中小企業の経営者とお話ししていると、よくこんな考え方に出会います。
「うちは毎年きちんと利益を出している。だから会社を売るときも高く売れるはずだ」
実はこれは、中小企業M&Aでもっとも誤解が多いポイントです。結論からいえば、会社の価値は利益の大きさだけでは決まりません。
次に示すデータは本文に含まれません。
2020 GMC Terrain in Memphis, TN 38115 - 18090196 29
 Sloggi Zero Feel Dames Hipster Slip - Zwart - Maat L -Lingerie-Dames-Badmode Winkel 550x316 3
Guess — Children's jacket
M&Aの世界では、利益 × 資金効率 = 事業価値(Enterprise Value) であり、
資金効率が悪い会社はいくら利益を出していても価値が伸びません。これは近年主流となった企業価値評価手法を正しく理解すると、よく分かります。
昔は「利益年倍法」が主流だった
かつて中小企業のM&Aでは、利益年倍法(たとえば利益×3~5年)で会社を評価することが一般的でした。簡単で計算しやすいため、業界全体で長い間使われてきました。
しかし現在は、M&Aが一般化し、金融機関・上場企業・ファンドなど買い手のチェックが高度化しています。このため、利益年倍法のような「ざっくり評価」では通用しなくなってきました。
現在の主流はインカム・アプローチ
現在、会社の価値を評価する際の主流は インカム・アプローチ です。
これは「今後会社が生み出す利益やキャッシュ・フローを現在価値に変換する」手法で、
- 資本還元法(正常利益を還元する)
- DCF(将来キャッシュフローを割り引く)
が代表的です。
共通している考え方はシンプルで、事業の価値は、将来どれだけキャッシュを生むかで決まるというものです。
そして、これらの手法で求めるのは 事業価値(Enterprise Value) です。事業価値とは、事業そのものが生み出す価値であり、借入金の多寡とは切り離して評価します。
事業価値(Enterprise Value)から株式価値(Equity Value)を求めるしくみ
事業価値は、「この会社の事業はどれくらいの価値を生むか?」という評価です。
一方、売り手が最終的に受け取るのは株式価値(Equity Value)です。
株式価値は次の式で求められます。
株式価値 = 事業価値 - ネットデット
事業価値は「事業の価値」ですから、ここから「買い手が引き継ぐ借入金(純負債)」を差し引く必要があります。この差し引くべき項目が ネットデット(Net Debt) です。
ネットデットとは何か
ネットデットは、
有利子負債 − 明らかに事業に使われてない資産
で計算されます。
たとえば、借入 2億円、定期預金 6,000万円なら、
ネットデット=1億4,000万円
買い手からすれば、株式を取得した瞬間、この純負債を背負うことになるため、株価(売り手の手取り)から控除されるわけです。
利益だけでは会社が高く売れない理由
ここまでを整理すると、次の構図が浮かび上がります。
- 利益が大きくても
- キャッシュが会社に残らず
- 借入が増え
- 在庫や売掛金に資金が滞留し
- 設備投資に現金が吸われてしまう
こうした状態の会社は、事業価値は上がっても株式価値は上がりません。
なぜなら、事業価値が増えても、その分以上にネットデットが増えれば株式価値はむしろ下がるからです。
つまり、利益だけ追いかける経営では、M&Aの売却額は伸びません。
売却額を最大化するための「資金効率」の改善
企業価値を高めるためには、もちろん利益を増やすことも大切です。しかしそれ以上に重要なのが、資金効率(キャッシュを生み出す力)を磨くことです。
具体的には、次の3つが強力な改善策になります。
① 借入金の圧縮
過剰な長期借入・不要な短期借入を返済するだけで、株式価値は即時に改善します。
② 在庫・売掛金の圧縮(運転資本の最適化)
回収が遅い、在庫が積み上がる——これは利益ではなく「資金」が失われる現象です。DCFではキャッシュが重視されるため、事業価値は伸びません。
③ 投資キャッシュの抑制
必要以上の設備投資は、将来キャッシュを押し下げます。利益が出ていても、キャッシュフロー評価では価値が低くなります。
資金効率を上げることで、利益を現金化する力が高まり、結果として 事業価値と株式価値が同時に上がる のです。
まとめ:売却価格を上げたければ「利益 × 資金効率」を高める
会社を高く売りたいなら、
- 利益額を見るだけでは不十分
- 事業価値を生むのはキャッシュフロー
- 株式価値を決めるのはネットデット
- 資金効率こそが最重要
という点を必ず押さえるべきです。利益を出す会社ではなく、利益を“キャッシュに変えられる会社”が、M&Aで高く売れる。これは、中小企業の経営者が最も理解しておくべき価値創造の原則です。